どちらの保険も、運転免許は持っているが車は持っていない。
しかも、他人の車を運転する機会がある人が必要としている保険です。
「1日自動車保険」は前述した様に、旅行などで車の所有者と交代で運転をする場合に必要になりますが、その他には帰省した子が家族の車を運転する場合も有効です。
自動車保険は運転者の範囲が限定されるほど保険料が安くなるので、本人限定や本人・配偶者限定、家族限定で契約している場合が多い。
自動車保険における「家族」の定義の多くは、記名被保険者の同居の親族と別居の未婚の子です。
帰省して親の車を運転する場合、未婚の子の場合は家族限定で補償されますが、別居している既婚者の場合は家族限定条件の対象外になります。
仮に、年数回しか帰省しない子供のために、家族限定を外しての自動車保険は明らかにもったいない!

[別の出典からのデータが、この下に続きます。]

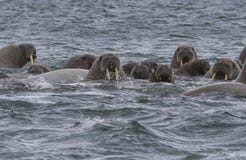 Morses dans une eau dans le Svalbard Morses dans une eau dans le Svalbard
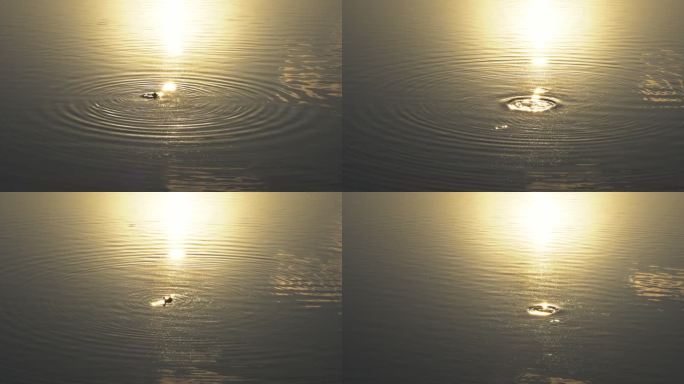 夕阳下鸳鸯在波光粼粼的水面戏水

自動車保険は家族限定の契約のままにしておいて、帰省する子供の日程に合わせて「1日自動車保険」に加入した方が費用において効率的です。
しかも、「ドライバー保険」にはない車両補償も付けることが可能なので、補償内容もより充実したものになります。
|「ドライバー保険」と「1日自動車保険」の保険料は?
保険料で比較した場合「1日自動車保険」のほとんどは、車両の補償無で500円/日、補償を付けても1,500円/日ほどです。
「ドライバー保険」の、保険料は保険会社やプランによって多少の違いは有りますが、概して21歳以上で約3万円~5万円、21歳未満の人で4万円〜6万円が保険料の設定金額になっています。
「1日自動車保険」は保険料も割安感が高く使い勝手の良い自動車保険ですが、利用回数によっては「ドライバー保険」を選択する事を検討しても良いかも知れません。
例えば、1ヶ月に2回~3回位他人の車を運転するとして、「1日自動車保険」の車両補償付きのプランで1日1,500円の保険料を支払うことで計算してみると、合計で1年間に24回以上利用することになるので保険料の合計は36,000円以上になります。
この保険料であれば、21歳以上の「ドライバー保険」の保険料と大差ないか、もしくは「1日自動車保険」の保険料合計額の方が高くなる可能性もあります。
利用の回数によって違ってきますので、家族の車や友人の車を運転する回数が多い人は「1日自動車保険」の保険料合計額の方が高くなる可能性もあります。
|「ドライバー保険」と「1日自動車保険」の申し込みは?
保険の契約について、「ドライバー保険」はインターネットからでも簡単に申し込みできるので必要になった場合はすぐに加入が可能になります。
「1日自動車保険」もコンビニやスマホから簡単に加入が出来ますが、車両補償の特約を付保する場合は当日中の手続きでは加入はできません。
車両補償付のプランは事前の登録が必要になっており、利用開始日が事前登録した日から7日以上の期間が必要になるという制約も有ります。
「1日自動車保険」の補償期間は、申し込み時間によっては2日分の保険料が必要になる商品もありましたが、現在は24時間単位になっていますので保険会社によって、補償期間の長さに違いは無くなりました。
保険料を安く抑えたい補償内容を充実させたい等、個人の必要性に合わせたプランや特約を選択できる様に、各保険会社の特徴をしっかりと調べておくことが必要でしょう。